- Required work: In the records below, begin at the line that has "Hi everyone and" and stop after the line that has "It's an auto"; quote those lines verbatim and nothing more.

- Data shown:
---*---

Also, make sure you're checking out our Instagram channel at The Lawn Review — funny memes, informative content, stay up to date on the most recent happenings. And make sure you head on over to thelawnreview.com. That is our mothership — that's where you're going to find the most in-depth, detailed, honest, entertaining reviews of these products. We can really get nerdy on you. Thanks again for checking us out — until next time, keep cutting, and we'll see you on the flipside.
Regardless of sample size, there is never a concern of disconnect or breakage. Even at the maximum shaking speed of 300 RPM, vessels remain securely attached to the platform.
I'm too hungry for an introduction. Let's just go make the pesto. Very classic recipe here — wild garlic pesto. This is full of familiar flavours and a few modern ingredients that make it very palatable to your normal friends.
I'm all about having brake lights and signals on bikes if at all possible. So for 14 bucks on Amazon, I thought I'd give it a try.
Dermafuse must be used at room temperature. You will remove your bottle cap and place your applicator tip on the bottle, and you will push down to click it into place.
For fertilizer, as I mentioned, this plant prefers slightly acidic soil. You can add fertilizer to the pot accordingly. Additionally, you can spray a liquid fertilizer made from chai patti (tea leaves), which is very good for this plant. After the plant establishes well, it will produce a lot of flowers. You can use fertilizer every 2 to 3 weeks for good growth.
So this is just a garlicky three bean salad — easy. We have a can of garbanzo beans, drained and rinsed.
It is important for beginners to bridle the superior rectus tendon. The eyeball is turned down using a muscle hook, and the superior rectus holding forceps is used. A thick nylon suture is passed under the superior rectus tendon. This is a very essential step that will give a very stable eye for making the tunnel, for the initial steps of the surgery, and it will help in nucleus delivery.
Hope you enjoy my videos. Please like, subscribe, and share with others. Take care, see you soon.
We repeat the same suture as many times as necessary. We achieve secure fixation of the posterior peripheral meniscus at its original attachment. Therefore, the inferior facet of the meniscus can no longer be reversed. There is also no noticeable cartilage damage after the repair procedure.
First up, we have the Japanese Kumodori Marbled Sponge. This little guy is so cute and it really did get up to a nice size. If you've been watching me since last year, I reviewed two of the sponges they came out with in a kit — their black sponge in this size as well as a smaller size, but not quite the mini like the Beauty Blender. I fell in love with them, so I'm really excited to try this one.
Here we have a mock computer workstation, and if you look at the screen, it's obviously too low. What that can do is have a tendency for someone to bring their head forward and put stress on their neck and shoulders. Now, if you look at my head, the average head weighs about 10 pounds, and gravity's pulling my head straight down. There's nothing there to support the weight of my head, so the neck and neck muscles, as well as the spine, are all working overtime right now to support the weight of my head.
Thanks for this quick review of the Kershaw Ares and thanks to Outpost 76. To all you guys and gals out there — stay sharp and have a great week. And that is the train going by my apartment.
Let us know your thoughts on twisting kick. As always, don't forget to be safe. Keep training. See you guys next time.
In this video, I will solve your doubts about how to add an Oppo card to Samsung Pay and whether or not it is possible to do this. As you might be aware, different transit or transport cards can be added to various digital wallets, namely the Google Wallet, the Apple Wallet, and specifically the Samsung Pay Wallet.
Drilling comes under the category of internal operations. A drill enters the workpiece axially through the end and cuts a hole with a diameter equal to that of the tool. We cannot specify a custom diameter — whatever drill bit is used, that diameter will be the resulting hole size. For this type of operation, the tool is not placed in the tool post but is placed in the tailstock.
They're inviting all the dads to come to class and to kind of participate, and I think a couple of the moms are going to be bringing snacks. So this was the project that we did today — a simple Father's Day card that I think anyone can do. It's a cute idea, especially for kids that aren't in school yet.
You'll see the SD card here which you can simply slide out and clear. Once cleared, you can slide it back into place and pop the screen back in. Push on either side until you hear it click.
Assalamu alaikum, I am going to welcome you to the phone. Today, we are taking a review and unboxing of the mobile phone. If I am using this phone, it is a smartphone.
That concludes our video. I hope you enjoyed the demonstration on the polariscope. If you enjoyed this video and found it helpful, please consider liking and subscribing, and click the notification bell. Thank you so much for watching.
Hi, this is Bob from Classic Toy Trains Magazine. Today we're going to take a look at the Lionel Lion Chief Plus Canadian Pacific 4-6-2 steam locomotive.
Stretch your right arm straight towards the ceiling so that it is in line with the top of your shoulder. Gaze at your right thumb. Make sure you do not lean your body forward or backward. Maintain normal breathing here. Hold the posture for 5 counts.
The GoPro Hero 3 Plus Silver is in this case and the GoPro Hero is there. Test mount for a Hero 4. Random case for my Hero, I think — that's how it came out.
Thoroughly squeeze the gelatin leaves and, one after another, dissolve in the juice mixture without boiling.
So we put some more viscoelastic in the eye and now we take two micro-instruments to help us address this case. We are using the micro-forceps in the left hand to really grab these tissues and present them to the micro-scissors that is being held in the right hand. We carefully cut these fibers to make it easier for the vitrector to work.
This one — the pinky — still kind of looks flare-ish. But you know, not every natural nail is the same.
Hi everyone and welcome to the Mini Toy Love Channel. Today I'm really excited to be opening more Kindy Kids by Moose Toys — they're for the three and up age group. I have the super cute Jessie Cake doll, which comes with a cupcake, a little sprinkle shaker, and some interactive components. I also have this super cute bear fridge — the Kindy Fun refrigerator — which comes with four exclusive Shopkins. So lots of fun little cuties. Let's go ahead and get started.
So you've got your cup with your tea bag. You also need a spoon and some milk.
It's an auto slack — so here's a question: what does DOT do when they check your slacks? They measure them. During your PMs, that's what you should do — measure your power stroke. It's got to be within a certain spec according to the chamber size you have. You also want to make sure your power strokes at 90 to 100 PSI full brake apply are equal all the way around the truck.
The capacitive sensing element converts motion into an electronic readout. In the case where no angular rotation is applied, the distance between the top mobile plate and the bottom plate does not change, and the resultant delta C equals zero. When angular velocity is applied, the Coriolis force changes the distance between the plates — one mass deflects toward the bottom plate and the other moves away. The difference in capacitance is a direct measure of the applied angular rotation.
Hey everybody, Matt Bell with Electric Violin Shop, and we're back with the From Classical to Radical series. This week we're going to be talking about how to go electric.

---*---

- Answer below:
Hi everyone and welcome to the Mini Toy Love Channel. Today I'm really excited to be opening more Kindy Kids by Moose Toys — they're for the three and up age group. I have the super cute Jessie Cake doll, which comes with a cupcake, a little sprinkle shaker, and some interactive components. I also have this super cute bear fridge — the Kindy Fun refrigerator — which comes with four exclusive Shopkins. So lots of fun little cuties. Let's go ahead and get started.
So you've got your cup with your tea bag. You also need a spoon and some milk.
It's an auto slack — so here's a question: what does DOT do when they check your slacks? They measure them. During your PMs, that's what you should do — measure your power stroke. It's got to be within a certain spec according to the chamber size you have. You also want to make sure your power strokes at 90 to 100 PSI full brake apply are equal all the way around the truck.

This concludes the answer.